(Beginning of RECORDS PROVIDED)

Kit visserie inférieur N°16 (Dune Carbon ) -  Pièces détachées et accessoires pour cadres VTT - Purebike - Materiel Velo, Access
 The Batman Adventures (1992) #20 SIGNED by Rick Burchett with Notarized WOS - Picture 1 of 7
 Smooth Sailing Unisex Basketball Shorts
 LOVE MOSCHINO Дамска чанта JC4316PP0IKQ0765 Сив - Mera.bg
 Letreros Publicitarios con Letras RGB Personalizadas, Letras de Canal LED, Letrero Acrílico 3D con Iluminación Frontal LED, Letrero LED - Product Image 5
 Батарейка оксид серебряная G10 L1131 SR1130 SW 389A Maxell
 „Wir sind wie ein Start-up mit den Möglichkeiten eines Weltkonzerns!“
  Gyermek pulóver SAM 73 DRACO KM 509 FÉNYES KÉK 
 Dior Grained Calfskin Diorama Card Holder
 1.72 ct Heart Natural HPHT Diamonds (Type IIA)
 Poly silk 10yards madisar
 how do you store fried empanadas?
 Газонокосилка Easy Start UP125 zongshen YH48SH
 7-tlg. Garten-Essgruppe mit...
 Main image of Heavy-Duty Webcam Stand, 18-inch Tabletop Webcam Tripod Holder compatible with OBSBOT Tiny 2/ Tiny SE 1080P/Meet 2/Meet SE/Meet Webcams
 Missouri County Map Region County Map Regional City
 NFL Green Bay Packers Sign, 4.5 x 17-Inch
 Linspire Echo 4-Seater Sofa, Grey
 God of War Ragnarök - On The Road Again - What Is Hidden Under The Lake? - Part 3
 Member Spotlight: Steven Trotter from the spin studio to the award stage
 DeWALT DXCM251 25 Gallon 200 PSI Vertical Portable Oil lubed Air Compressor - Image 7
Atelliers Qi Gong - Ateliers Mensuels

(End of RECORDS PROVIDED)

* _YOUR TASK_:
If a line in the material above holds "with", copy it.

* _EXERCISE RESPONSE_:
 The Batman Adventures (1992) #20 SIGNED by Rick Burchett with Notarized WOS - Picture 1 of 7
 Main image of Heavy-Duty Webcam Stand, 18-inch Tabletop Webcam Tripod Holder compatible with OBSBOT Tiny 2/ Tiny SE 1080P/Meet 2/Meet SE/Meet Webcams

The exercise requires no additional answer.